Please put brain into gear before engaging keyboard

On the front page of The Times, one day during Wimbledon, concerning Tim Henman, who had just struggled to win a match:

... there is nothing so paralysing as opportunity.

Except, perhaps, lack of opportunity?



A new plague

This was forwarded on the Evolutionary Psychology mailing-list weeks ago:

From: "Ian Pitchford"
Subject: Money and Madness

Cover Story
Money and Madness
Posted June 3, 2002
By Kelly Patricia O'Meara

A child who doesn't like doing math homework may be diagnosed with the mental
illness developmental-arithmetic disorder (No.315.4). A child who argues with
her parents may be diagnosed as having a mental illness called
oppositional-defiant disorder (No.313.8). And people critical of the
legislation now snaking through Congress that purports to "end discrimination
against patients seeking treatment for mental illness" may find themselves
labeled as being in denial and diagnosed with the mental illness called
noncompliance-with-treatment disorder (No.15.81).

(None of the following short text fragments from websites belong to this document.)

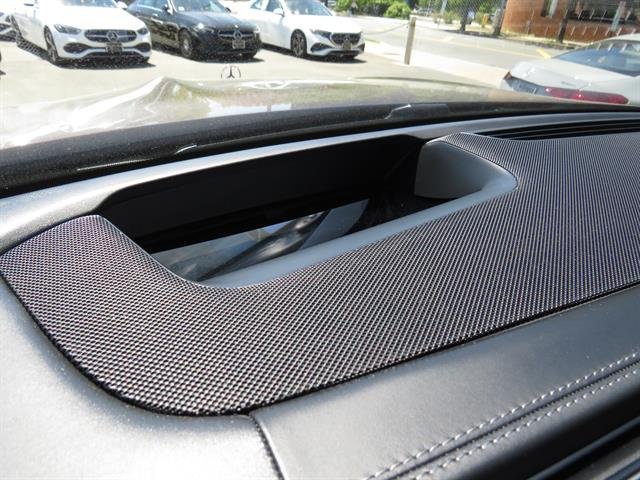 Certified Used 2022 Obsidian Black Metallic Mercedes-Benz Maybach GLS 600 image 10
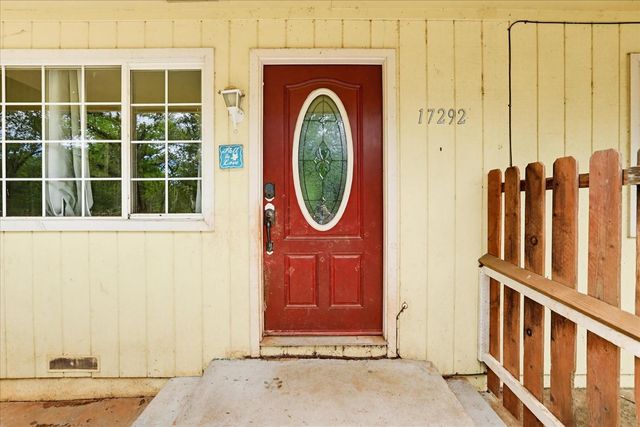17292 Penn Valley Dr, Penn Valley, CA 95946
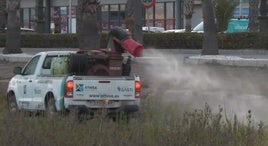 Uno de los vehículos de fumigación por la localidad roquetera.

The psychiatric diagnoses suggested above are no joke. They represent a few of
the more than 350 "mental disorders" listed in the American Psychiatric
Association's (APA) Diagnostic and Statistical Manual of Mental Disorders
(DSM-IV), the billing bible for mental disorders which commingles neurological
diseases with psychiatric diagnoses. ...

Full text: http://insightmag.com/news/254286.html


The whole article is well worth reading. A couple more quotes:


The pending proposals would expand the 1996 legislation to require that caps, or limitations on [insurance benefits] coverage, be the same for mental illnesses as those provided for medical illnesses, in the name of so-called mental-health parity. When it comes to "mental illness" and "medical illness" however, there is no scientific parity between the two schools of thought. That is, only one is based in physical science. ...

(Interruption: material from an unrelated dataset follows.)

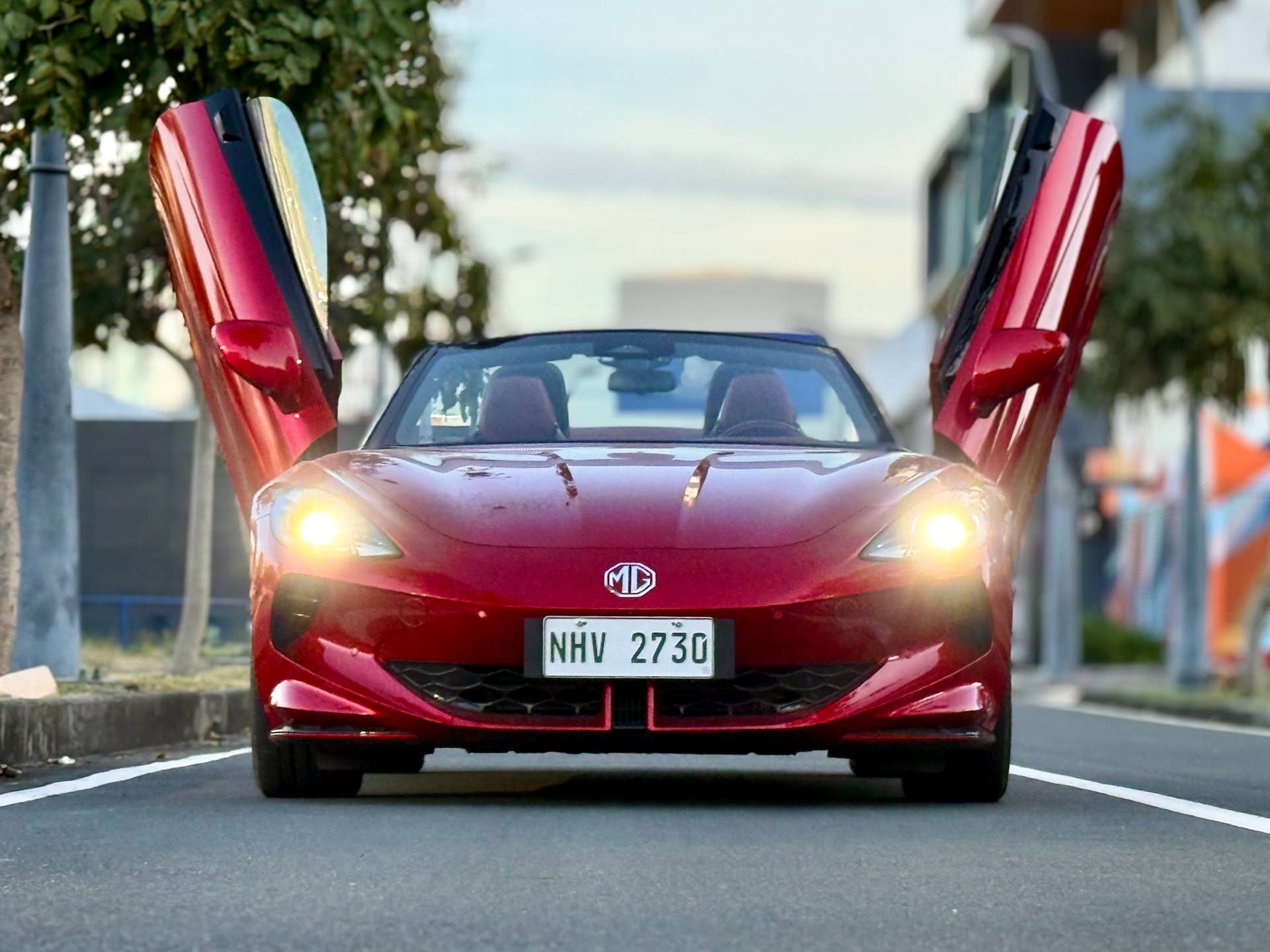 I Spent a Week With the MG Cyberster—Here’s What Living With the World ...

... one might even ask the surgeon general how he could make the statement that "mental disorders collectively account for more than 15 percent of the overall burden of disease" when he admits later in the report that there is no physical proof thus far of mental disease in any of the psychiatric diagnoses.

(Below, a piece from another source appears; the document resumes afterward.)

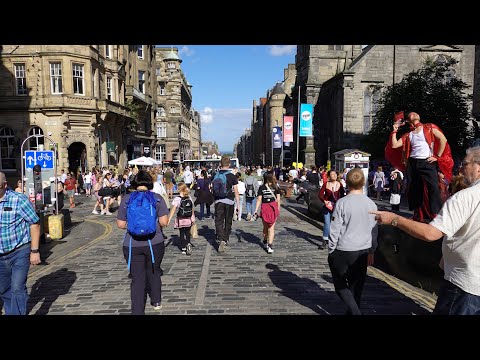 Walking on "The Royal Mile" | Famous Road in Edinburgh Old Town Scotland | on Edinburgh Fringe Month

According to Wiseman, "Numerous studies show psychiatrists tend strongly to use health-insurance benefits up to the point that they are exhausted, at which point the patient is declared cured. ...In this legislation, the government is saying that if there's a million-dollar cap on treating a patient's cancer then there has to be a million-dollar cap on treating shyness when it is called social-anxiety disorder. So once the person gets 'treated,' the bill reaches the cap and they're pronounced cured. Such diagnoses will run insurance costs into the stratosphere.